Henüz adım atmadan, kafasında onlarca ihtimali eleyip topluma uygun olanı bulmaya çalışır.
Çünkü o çok tanıdık cümle, kulağına yine fısıldanmıştır, “Elâlem ne der?”
Bu söz, nesilden nesile aktarılan bir baskının kısa özetidir.
Kadının ne giyeceğini, ne zaman evleneceğini, nasıl güleceğini, hangi yaşta ne yapması gerektiğini dışarıdan bir göz belirler.
Toplum, kadının ne kadar görünür olacağına, ne kadar konuşacağına, hatta ne zaman susması gerektiğine bile karar verir.
Kadının her hareketi neden ‘elâlem ne der?’ korkusuyla şekillenmek zorunda?
Bir kadının attığı her adım neden toplumun onay filtresinden geçmeli?

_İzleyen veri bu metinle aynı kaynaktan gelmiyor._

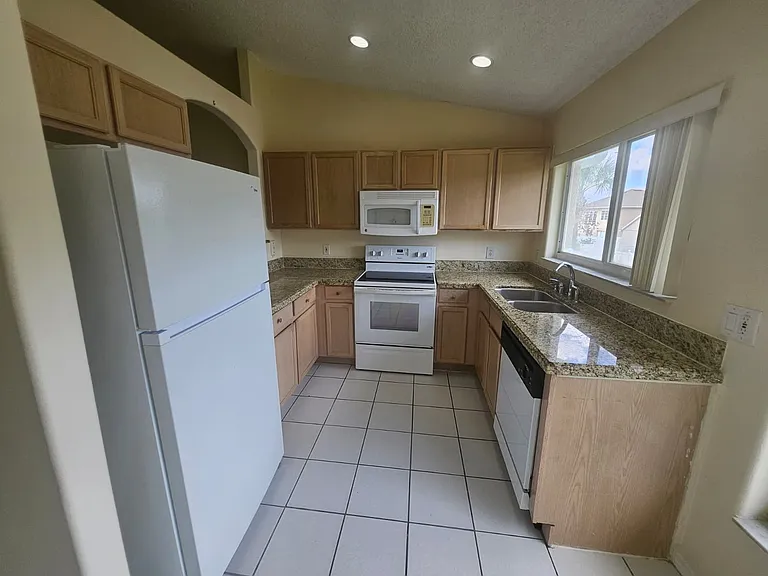 13415 Fairway Glen Dr #203 — Photo 6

Bu baskı artık yalnızca sokakta ya da aile içinde değil. Şekil değiştirdi.
Gizli gizli fısıldanmak yerine ekranlardan, yorumlardan, beğenilerden ve algoritmalardan akıyor.
Eskiden mahalle arasında söylenirdi;
“Yalnız mı çıkmış dışarı?”
“Çok mu gülmüş?”
“Kadın kısmı öyle giyinir mi?”
Bugün artık sosyal medyada yazılıyor;
“Bu yaşta böyle poz mu verilir?”
“Evli misin sen, yakışıyor mu sana?”
“Her gün bir fotoğraf… Bıktık.”
“Senin gibi biri böyle şeyler paylaşmaz.”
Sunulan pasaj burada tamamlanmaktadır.